Just when you thought Palight BOSS1 emitter shelf is disappointing, my niteye R28 gave me a nice surprise.

After receiving it and being a bit let down with the overall output (throw is great btw), I gave it to a friend for Christmas. In the second day he dropped it to the floor from about 2ft high and it stopped working. I decided to take it apart and found a rather unconventional way for mounting mcpcb and driver.

Unlike 99.9% of LED flashlights in the market, this one doesn’t use a pill or have a shelf underneath, but neither is a floating mcpcb. It uses a “reverse shelf” in which the head touches the mcpcb in the same side as the LED. Better heat transfer you’d say? Not at all, the MCPCB is actually a sandwich, top side with a regular dielectric layer with a copper coating on top, and underneath there is another layer with the microusb port and some charging components. The driver has two holes allowing the mcpcb to be screwed into the head.

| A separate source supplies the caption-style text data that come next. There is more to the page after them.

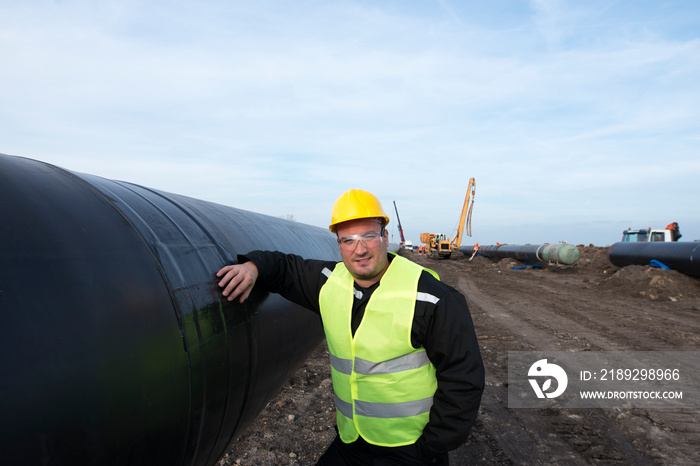 一名油田工人站在施工现场的煤气管道旁的肖像。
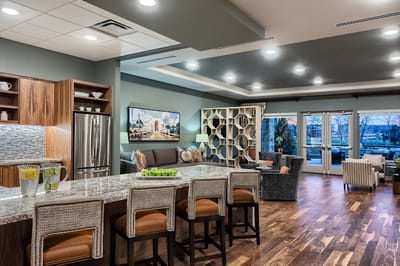 T.Boone Pickens Hospice and Palliative Care Center, hospice home in Dallas, TX — Modern common area with kitchenette and seating arrangements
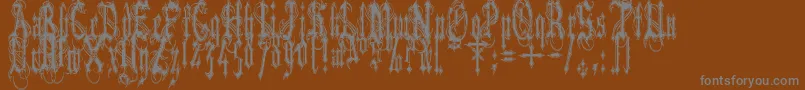 フォントVladtepesiivlads – 茶色の背景に灰色の文字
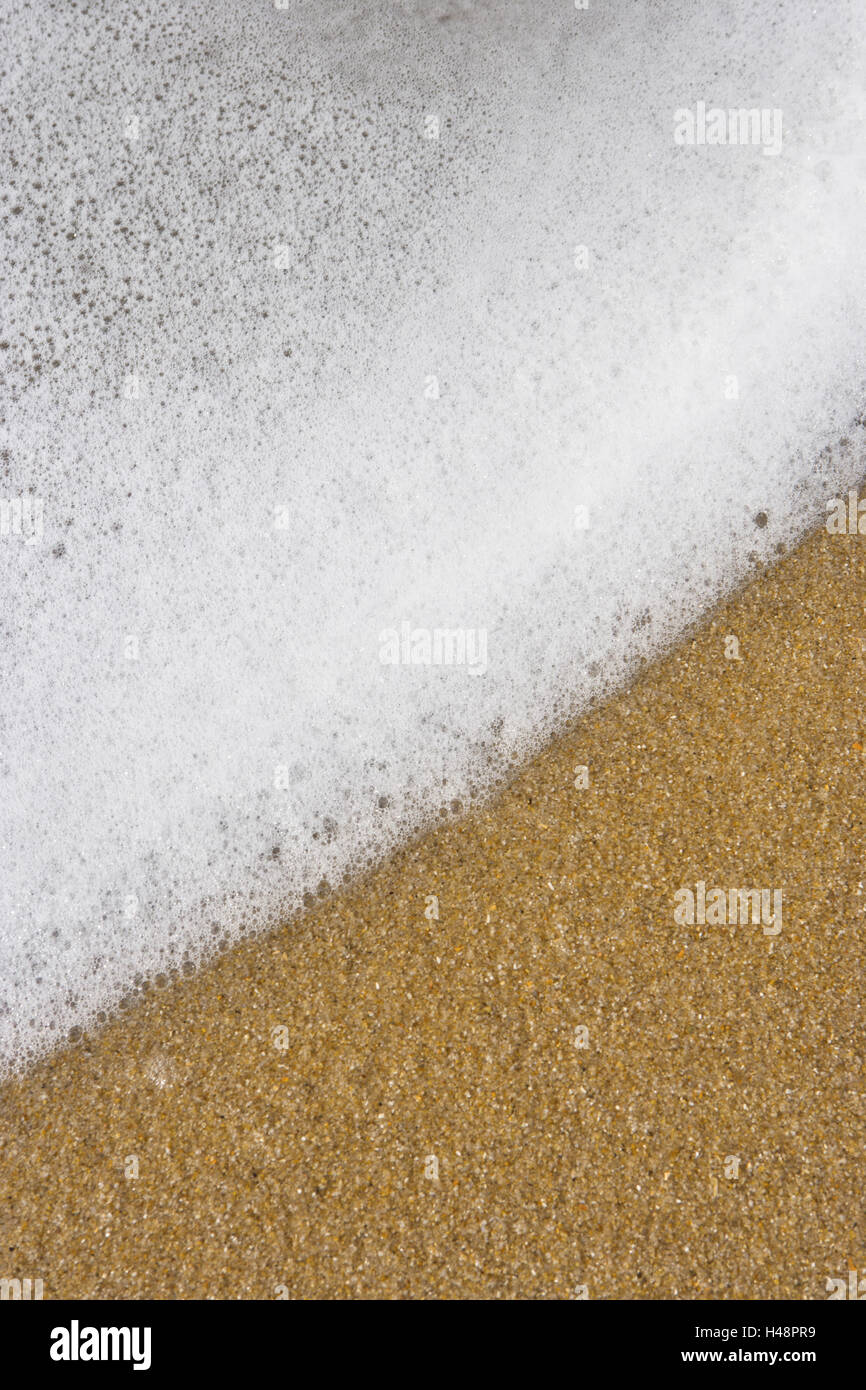 Schiuma bianca spiaggia di sabbia, Foto Stock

Notice how minimal is the contact area, probably only 50% of the mcpcb. This is why this light doesn’t get hot, despite drawing 3A in turbo.

The “real shelf” is not very useful either: it is only about 2mm thick and is there only to support the mcpcb/driver, it was clearly not desiged to soak any heat.

Now, the reason why this light stopped working, the only rigid support to the driver are two tiny legs which also serve as the LED wiring. Black and red wired are actually USB input. When the light was dropped, the weight of the 18650 pushed the floating driver and one of the tiny legs bent and came loose, if you look closely that is a cold solder joint. I wonder if it can withstand another drop.

After a quick soldering job it was able to work again, but should I report it to the seller anyways? I feel like it’s going to waste my time and effort (you guessed right, I got it from GB).

I will forward the case for you on Monday. Do contact me if you face any difficulties.

This is a similar pill to that found in a bontrager, single cell bike light I recently opened. In the bontrager, the top layer of the star was thin copper that was continuous with the thermal pad of the LED and made good contact with the inside,top of the unibody light (80 ish %). Heatsink compound was the rubbery, thermal pad material and pressure was maintained with screws that go through the star and screw into a piece of plastic between the star and driver, which also gives the whole assembly a more rigid structure. I replaced the thermal pads with thermal paste and on testing the light afterwards, body temperature increases rapidly in high mode! Heat transfer was good :slight_smile:

Design wasn’t perfect though. I opened the light because it wasn’t working. The contact between star (pcb material at back) and driver was broken (disconnected solder joint) and needs resoldering. I assume it happened because the light dropped though, there were no marks on the body to indicate that.

It was almost upsetting how bare the driver board was yet, output was 700 ish lumens on high with all modes PWM FREE !!

If it can be screwed tightly 50% of the mcpcb at 3A won’t be a problem I think (there is thermal paste too) , notice how minimal the contact area of the led on mcpcb, but I agree on poor design.

:slight_smile:

So basically, the driver board is only attached to the emitter board via the two pins? And those 2 pins are taking the full force from the front of the battery?